Loiseau seeks to hold Defendant Lowery liable for withholding allegedly exculpatory evidence. Loiseau fails to allege facts that suggest Defendant Lowery's actions in Loiseau's criminal proceedings were actions taken outside of his role as an advocate for the Commonwealth. See Carter, 34 F.3d at 263 (holding that a state prosecuting attorney is absolutely immune from liability for damages for conspiring with police officers to present false testimony and for withholding exculpatory evidence prior to trial). Thus, Loiseau's claim for monetary damages against Defendant Lowery is foreclosed, and will be dismissed.

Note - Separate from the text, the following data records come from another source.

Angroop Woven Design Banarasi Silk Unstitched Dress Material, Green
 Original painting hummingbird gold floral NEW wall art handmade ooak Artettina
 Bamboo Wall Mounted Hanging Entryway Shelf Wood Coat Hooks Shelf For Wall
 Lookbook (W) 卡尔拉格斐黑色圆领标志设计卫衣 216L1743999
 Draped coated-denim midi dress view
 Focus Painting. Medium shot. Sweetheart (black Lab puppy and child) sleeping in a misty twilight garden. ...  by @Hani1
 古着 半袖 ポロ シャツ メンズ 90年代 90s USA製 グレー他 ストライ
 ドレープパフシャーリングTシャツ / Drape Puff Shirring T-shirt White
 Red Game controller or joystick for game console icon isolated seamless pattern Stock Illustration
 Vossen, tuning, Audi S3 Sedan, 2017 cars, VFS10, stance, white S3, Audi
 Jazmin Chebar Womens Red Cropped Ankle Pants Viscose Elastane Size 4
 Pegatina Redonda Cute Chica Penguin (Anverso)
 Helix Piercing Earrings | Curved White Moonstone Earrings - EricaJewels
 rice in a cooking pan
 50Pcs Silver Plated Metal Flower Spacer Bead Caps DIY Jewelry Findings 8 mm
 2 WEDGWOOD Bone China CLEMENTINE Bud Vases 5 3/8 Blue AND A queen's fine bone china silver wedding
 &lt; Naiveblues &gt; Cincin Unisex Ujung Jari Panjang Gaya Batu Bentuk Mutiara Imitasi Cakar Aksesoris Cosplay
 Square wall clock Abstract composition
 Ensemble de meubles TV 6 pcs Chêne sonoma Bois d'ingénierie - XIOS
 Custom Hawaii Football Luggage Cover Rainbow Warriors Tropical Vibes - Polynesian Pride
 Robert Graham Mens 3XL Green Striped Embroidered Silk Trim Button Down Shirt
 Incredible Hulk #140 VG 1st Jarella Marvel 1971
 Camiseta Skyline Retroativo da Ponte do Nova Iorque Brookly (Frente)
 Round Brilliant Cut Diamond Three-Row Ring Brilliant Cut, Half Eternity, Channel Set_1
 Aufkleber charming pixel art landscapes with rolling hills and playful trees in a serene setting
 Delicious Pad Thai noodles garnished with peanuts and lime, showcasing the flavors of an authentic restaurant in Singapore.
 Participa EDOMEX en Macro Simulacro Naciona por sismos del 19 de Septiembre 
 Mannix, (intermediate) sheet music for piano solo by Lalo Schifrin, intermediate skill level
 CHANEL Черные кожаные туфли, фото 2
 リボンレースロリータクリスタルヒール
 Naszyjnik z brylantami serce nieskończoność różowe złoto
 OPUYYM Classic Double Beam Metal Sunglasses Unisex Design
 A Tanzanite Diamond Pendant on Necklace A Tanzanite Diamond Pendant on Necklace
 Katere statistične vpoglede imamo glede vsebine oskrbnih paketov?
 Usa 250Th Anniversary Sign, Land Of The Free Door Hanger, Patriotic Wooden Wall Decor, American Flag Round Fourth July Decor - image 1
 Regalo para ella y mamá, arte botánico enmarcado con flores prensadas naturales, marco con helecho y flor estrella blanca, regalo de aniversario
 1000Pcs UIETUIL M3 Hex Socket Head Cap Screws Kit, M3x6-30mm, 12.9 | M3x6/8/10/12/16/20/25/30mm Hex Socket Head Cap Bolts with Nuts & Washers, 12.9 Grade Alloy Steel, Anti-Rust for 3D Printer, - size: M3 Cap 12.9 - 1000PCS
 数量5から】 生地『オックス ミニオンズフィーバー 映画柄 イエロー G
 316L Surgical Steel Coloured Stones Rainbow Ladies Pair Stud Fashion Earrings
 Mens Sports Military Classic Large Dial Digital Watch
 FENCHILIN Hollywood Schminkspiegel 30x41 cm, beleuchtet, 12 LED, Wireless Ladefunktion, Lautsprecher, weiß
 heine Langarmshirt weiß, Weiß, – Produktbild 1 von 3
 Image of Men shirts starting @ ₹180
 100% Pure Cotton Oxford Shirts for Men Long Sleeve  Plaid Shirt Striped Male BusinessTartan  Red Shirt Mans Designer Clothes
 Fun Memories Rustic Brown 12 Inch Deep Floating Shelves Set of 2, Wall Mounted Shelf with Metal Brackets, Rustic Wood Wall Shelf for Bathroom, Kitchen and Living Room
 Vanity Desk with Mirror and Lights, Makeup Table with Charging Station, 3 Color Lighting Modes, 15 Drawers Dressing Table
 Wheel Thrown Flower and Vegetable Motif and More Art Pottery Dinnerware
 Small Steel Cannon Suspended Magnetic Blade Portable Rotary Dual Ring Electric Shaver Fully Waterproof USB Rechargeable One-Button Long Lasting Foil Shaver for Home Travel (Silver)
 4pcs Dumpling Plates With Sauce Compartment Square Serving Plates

Nevertheless, "prosecutors are not immune from suit as to requests for declaratory or injunctive relief." Blakeney v. Marsico, 340 F.Appx. 778, 779 (3d Cir. 2009) (citing Supreme Court of Va. v. Consumers Union of the U.S., 446 U.S. 719, 736 (1980); Jorden v. Nat'l Guard Bureau, 799 F.2d 99, 110 (3d Cir. 1986)). As explained below, Loiseau's request for declaratory relief is barred by Heck v. Humphrey and related cases.
2. Heck v. Humphrey
The premise of Loiseau's claims, namely the notion that he may seek, through a civil suit, the vacation or alteration of his criminal convictions and sentence as well as monetary damages stemming from the purportedly improper incarceration, "is legally frivolous in light of Heck v. Humphrey, 512 U.S. 477 (1994), and related cases." Payne v. Virginia, No. 3:07cv337, 2008 WL 1766665, at *2 (E.D. Va. Apr. 17, 2008).
In Heck, the Supreme Court emphasized that civil tort actions are "not appropriate vehicles for challenging the validity of outstanding criminal judgments." Heck, 512 U.S. at 486. The Supreme Court then held that:
[A] § 1983 plaintiff must prove that the conviction or sentence has been reversed on direct appeal, expunged by executive order, declared invalid by a state tribunal authorized to make such determination, or called into question by a federal court's issuance of a writ of habeas corpus, 28 U.S.C. § 2254.
Heck, 512 U.S. at 486-87 (internal footnote omitted). The Supreme Court then required that "when a state prisoner seeks damages in a § 1983 suit, the district court must consider whether a judgment in favor of the plaintiff would necessarily imply the invalidity of his conviction or sentence; if it would, the complaint must be dismissed unless the plaintiff can demonstrate that the conviction or sentence has already been invalidated." Id. at 487.
In Edwards v. Balisok, the Supreme Court extended Heck to civil rights actions that do not directly challenge confinement, but instead contest procedures which necessarily imply unlawful confinement. See 520 U.S. 641, 646 (1997). The Supreme Court has explained that Heck and its progeny teach that:
[A] state prisoner's § 1983 action is barred (absent prior invalidation)-no matter the relief sought (damages or equitable relief), no matter the target of the prisoner's suit (state conduct leading to conviction or internal prison proceedings)-if success in that action would necessarily demonstrate the invalidity of confinement or its duration.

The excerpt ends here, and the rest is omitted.